ただただ、胸が苦しくて痛くて、藻掻くしかできなくて…。
地に伏して何度も何度も激しく咳き込む。
肺が上手く機能しない。
まるで呼吸の仕方を忘れてしまったかのようだった。
涙が一筋だけ、頬を伝うのが判った。
それを最後に、意識がブツリとテレビの電源を切るように潰えた。
…………………。
ガタンガタン…。
ガタンガタン…。
心地よい揺れに気がつくと、俺はそこに座っていた。
見回してみればそこは随分とレトロジカルな佇まいの列車の中。
ぽつりと俺はそこに座っていた。
ガタンガタン…。
ガタンガタン…。
「…終点まで乗って往かれるのですか?」
「え?」
俺は驚いて、声のした方向を見定める。
そうして初めて気付いた。
俺と対面する席に一人の少年が座っているのだ。
黒い仕立ての良い制服の下に純白のシャツとリボンタイ。
育ちの良さそうな少年だ。
優しい目をしている。
「俺は…」
そこまで言って、俺は言葉に詰まってしまった。
俺は何故ここに居るのだろう。俺は何処へ行くのだろう。
何も…何も判らなかった。
「名前…」
俺が戸惑っているのを感じたのだろうか。
少年はそう言って、こくりと首を傾げた。
「名前は…憶えていますか?」
言われて、少しだけひやりとする。
よく知っているはずなのに、いざという時素直に出てこない。
そんな経験はないだろうか。
それと同じで、俺は一度、口ごもる。
「名前…俺の名前は…」
▽▽
「白月・蓮(しらつき・れん)…」
蓮はやっとのことで、言葉を口から押し出した。
前後の記憶が曖昧な中で、自分の名前を忘れてしまっていなかった安堵に、ほ、とため息をつく。
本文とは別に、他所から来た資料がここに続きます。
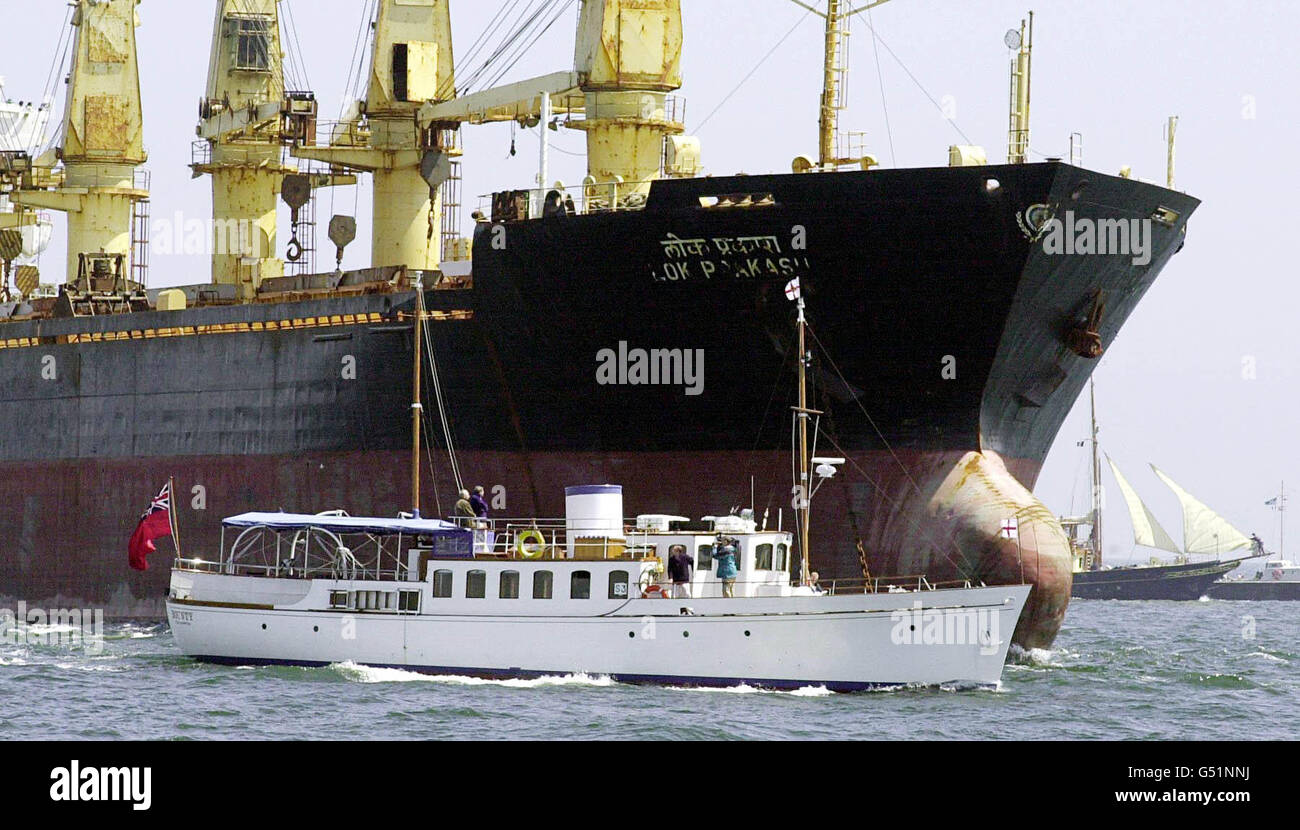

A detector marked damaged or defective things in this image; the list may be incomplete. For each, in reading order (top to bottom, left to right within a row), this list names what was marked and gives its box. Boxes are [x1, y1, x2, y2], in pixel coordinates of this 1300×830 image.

rusty ship hull [0, 162, 1192, 648]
名前とは「自分」というものを決定づける一番簡単でとても重要な手法だ。この異様な状況で名前を思い出せるだけで、蓮の心には大分余裕が生まれていた。
そうして改めて自分の置かれた状況を把握しようと、辺りを見回した。ガタンガタンと枕木を踏む音が示すとおり、そこは列車の中のようだ。だがその内装は、おおよそ東京都内を走っていそうにない、木造りの椅子と床をしたレトロジカルなものだった。
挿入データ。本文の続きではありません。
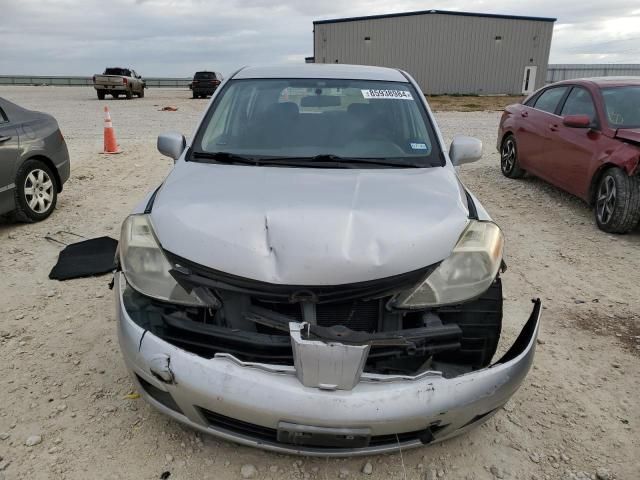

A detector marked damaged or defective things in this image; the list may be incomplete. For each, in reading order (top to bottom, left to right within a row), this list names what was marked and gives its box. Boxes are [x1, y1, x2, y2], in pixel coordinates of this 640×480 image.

damaged headlight [117, 215, 202, 306]
crumpled hood [151, 163, 470, 284]
damaged silver nissan versa [115, 63, 540, 454]
damaged headlight [392, 221, 502, 308]
cracked front bumper [115, 272, 540, 456] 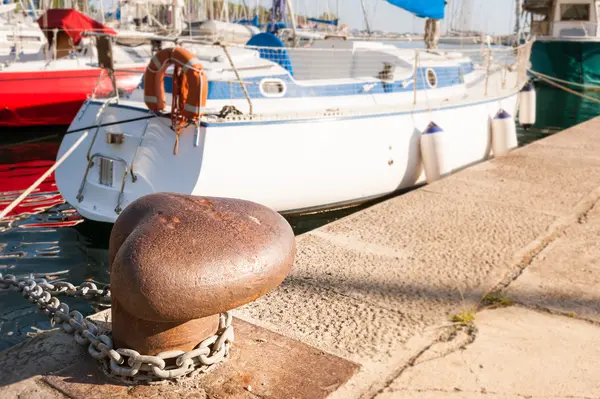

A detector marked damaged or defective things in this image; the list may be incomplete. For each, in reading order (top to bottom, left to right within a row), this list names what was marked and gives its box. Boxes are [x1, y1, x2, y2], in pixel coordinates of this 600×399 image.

rusty mooring bollard [109, 194, 296, 356] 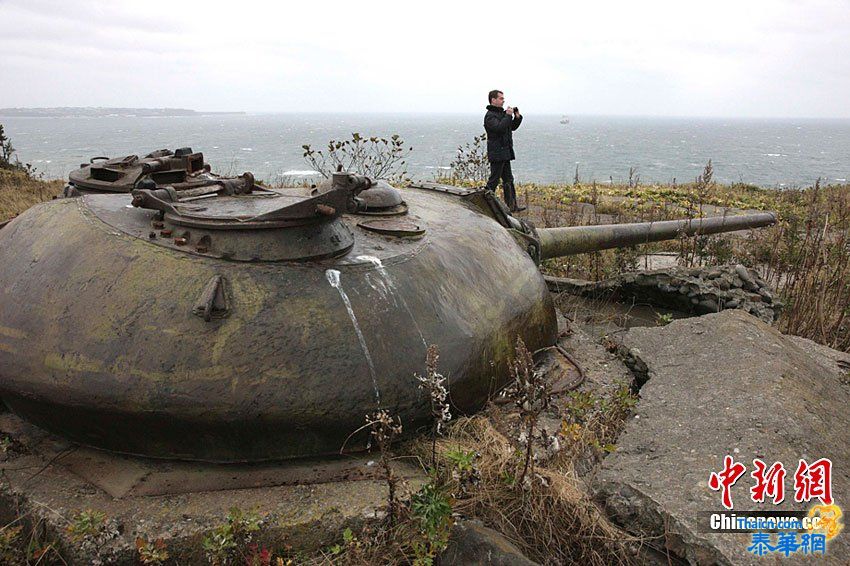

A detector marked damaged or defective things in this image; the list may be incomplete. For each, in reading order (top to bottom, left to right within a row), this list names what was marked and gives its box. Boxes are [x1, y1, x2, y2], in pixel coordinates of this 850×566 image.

rusty gun barrel [536, 212, 776, 260] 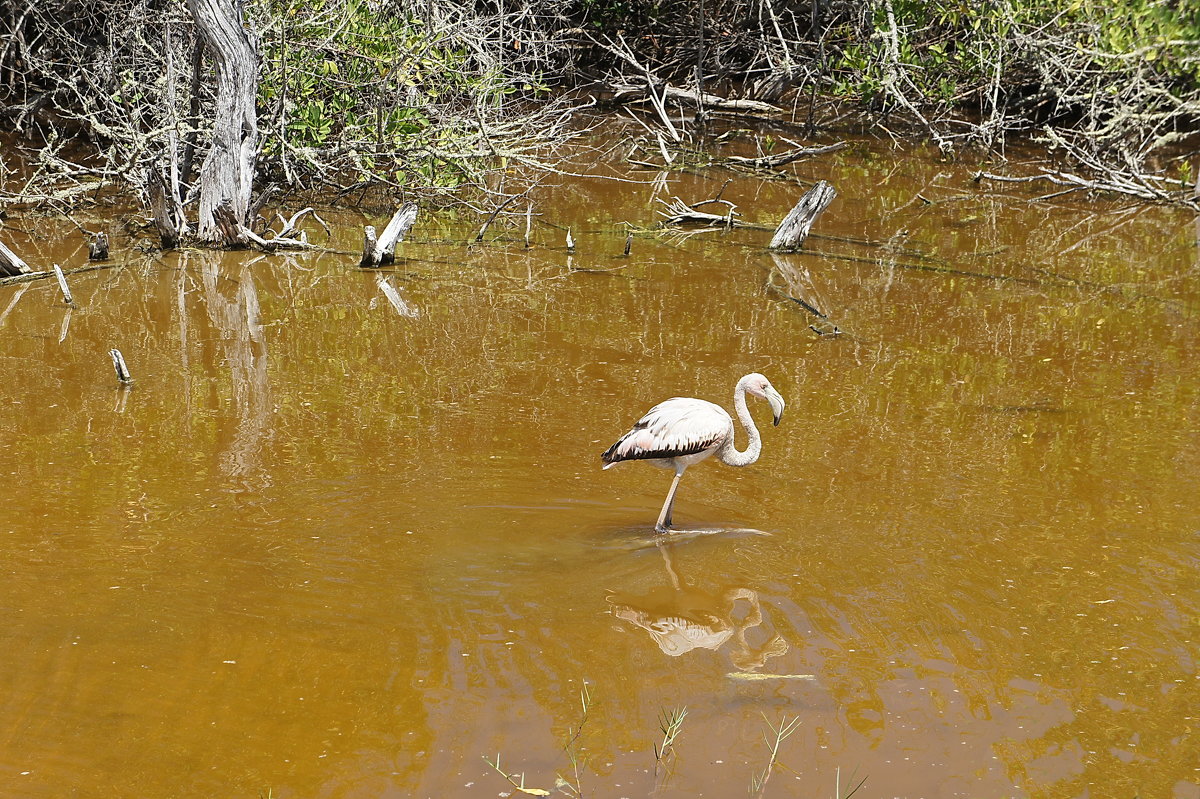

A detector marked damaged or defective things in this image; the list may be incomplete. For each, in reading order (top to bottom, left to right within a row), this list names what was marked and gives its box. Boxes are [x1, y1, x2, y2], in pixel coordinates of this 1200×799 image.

broken wooden post [0, 236, 33, 277]
broken wooden post [88, 231, 109, 260]
broken wooden post [357, 202, 420, 267]
broken wooden post [768, 179, 835, 249]
broken wooden post [51, 266, 72, 305]
broken wooden post [109, 347, 133, 383] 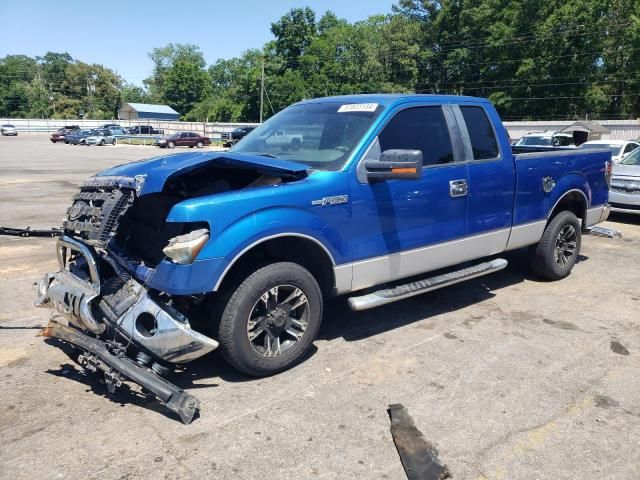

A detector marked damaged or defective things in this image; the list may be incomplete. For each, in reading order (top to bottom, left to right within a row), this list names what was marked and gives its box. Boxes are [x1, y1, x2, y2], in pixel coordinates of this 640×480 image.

crumpled hood [94, 151, 310, 194]
broken headlight [162, 228, 210, 264]
detached bumper [36, 236, 219, 364]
どうして自分はこんな列車に乗っているのだろう。ここは何処なのだろう。
手がかりを求めて車窓に目を向ける。そこにはどこにでも有りそうな都会の風景。灰色の建物が次々に流れてゆく。
「蓮さんと仰るのですね。僕の名はシキと云います」
少年、シキが唇の端を上げて言う。穏やかな、穏やかな微笑みだった。優しい瞳がじっと蓮を見ている。
「俺は、どうしてこの列車に乗ったのかな」
その視線を切り離すように視線を下に向け、問うてみた。明快な回答を期待してのことではない。先ほど自分の名前を強く意識したように、何か「自分」を確定づける行為をしないと、自己を保っていられなくなる。己の意識は雲のように流動して霧散し、この列車の空気にとけ込んでしまう。何故かそんな感覚を覚えたからだ。
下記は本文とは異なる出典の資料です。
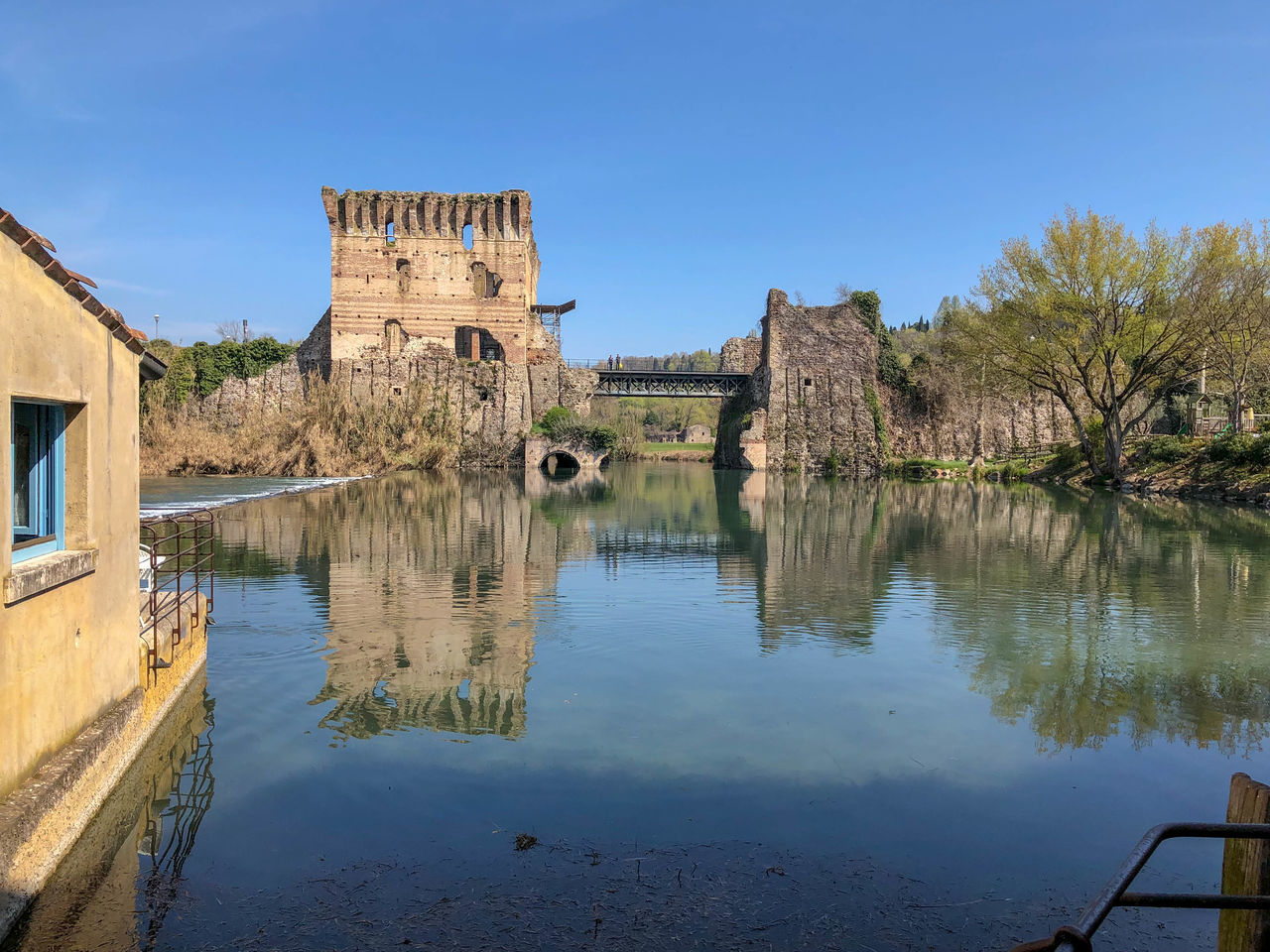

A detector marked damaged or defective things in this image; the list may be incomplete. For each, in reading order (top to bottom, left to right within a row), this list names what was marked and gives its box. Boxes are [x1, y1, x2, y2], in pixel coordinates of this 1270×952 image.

rusty metal railing [142, 515, 216, 680]
rusty metal railing [1010, 822, 1270, 949] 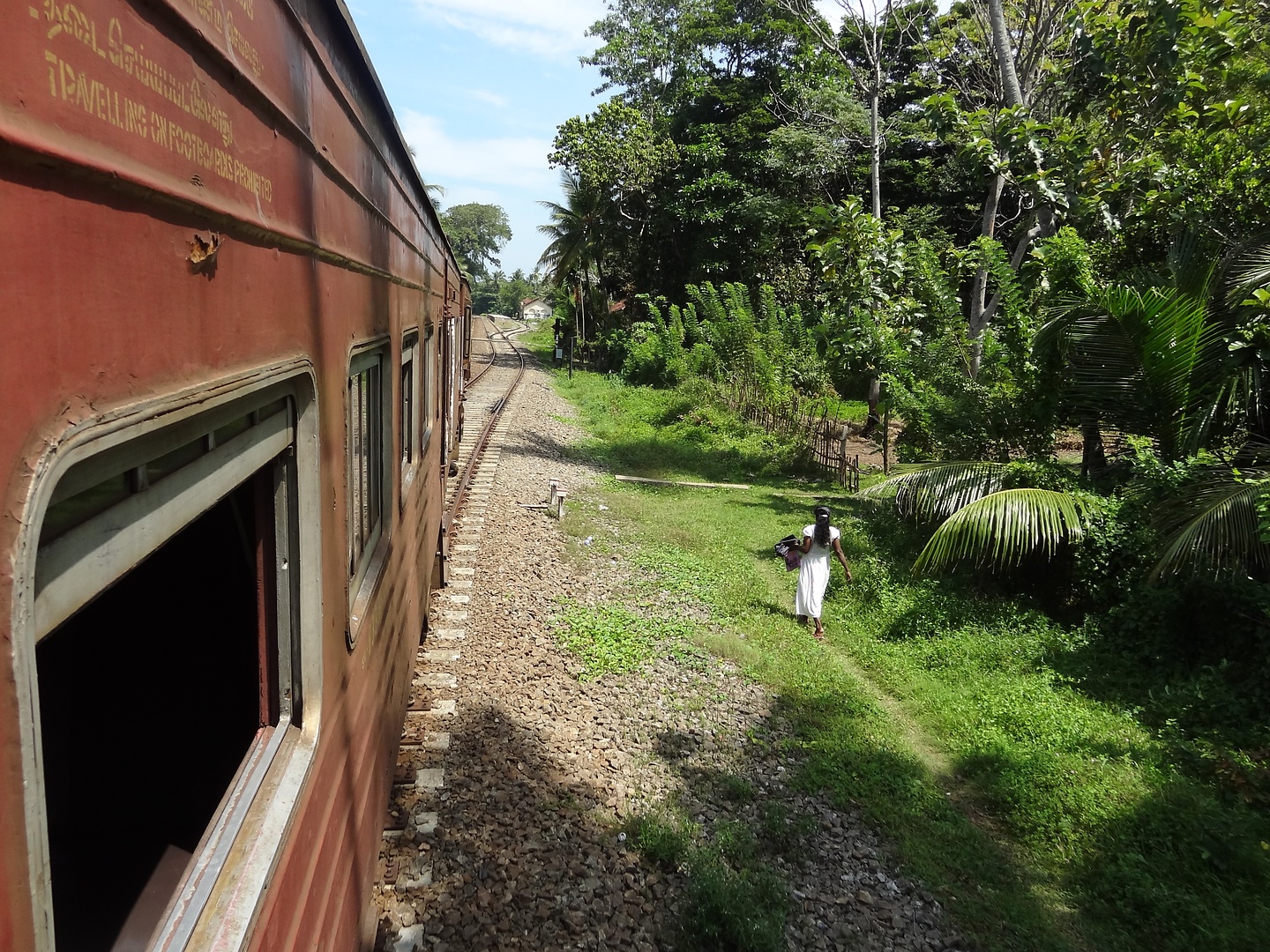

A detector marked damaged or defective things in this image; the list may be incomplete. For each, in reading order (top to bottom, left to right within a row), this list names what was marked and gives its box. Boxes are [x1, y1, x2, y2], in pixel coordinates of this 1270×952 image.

rusty train exterior [2, 2, 473, 952] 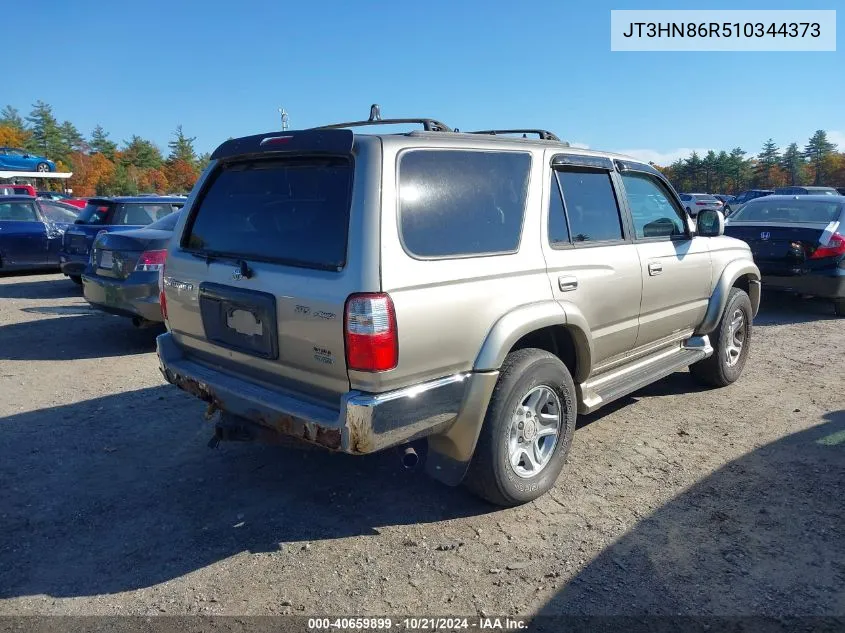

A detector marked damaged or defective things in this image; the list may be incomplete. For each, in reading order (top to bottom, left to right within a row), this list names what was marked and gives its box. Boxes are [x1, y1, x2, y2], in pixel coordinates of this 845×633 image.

dented rear bumper [156, 334, 472, 452]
ふいに、蓮は気付いた。この雲を掴むような、それでいて静かで穏やかな感覚には覚えがあったのだ。蓮は頭を抱えるように両手をこめかみに当てた。
「…俺は…死んだのかな?」
「!」
今までずっと穏やかに微笑んでいたシキの表情が、ほんの少しだけ揺らいだ。ごく一瞬の間だけだが、それを確かに感じて、蓮はしてやったりと唇の端を上げる。そして、やっと合点がいったように穏やかな顔でため息を一つつき、仰ぐように中空を見つめた。
「この感覚はかすかに覚えがあるよ。でも、記憶にはない」
「貴方は…」
謎をかけるよに蓮が呟くと、シキは若干戸惑ったように訊ねてくる。
「俺は以前、一度死んでいてね。多分、その時の感覚なんだな、これは」
くすくす、と蓮は笑った。だが、その笑いは自嘲でも皮肉でもない。純粋に可笑しさを堪えきれない。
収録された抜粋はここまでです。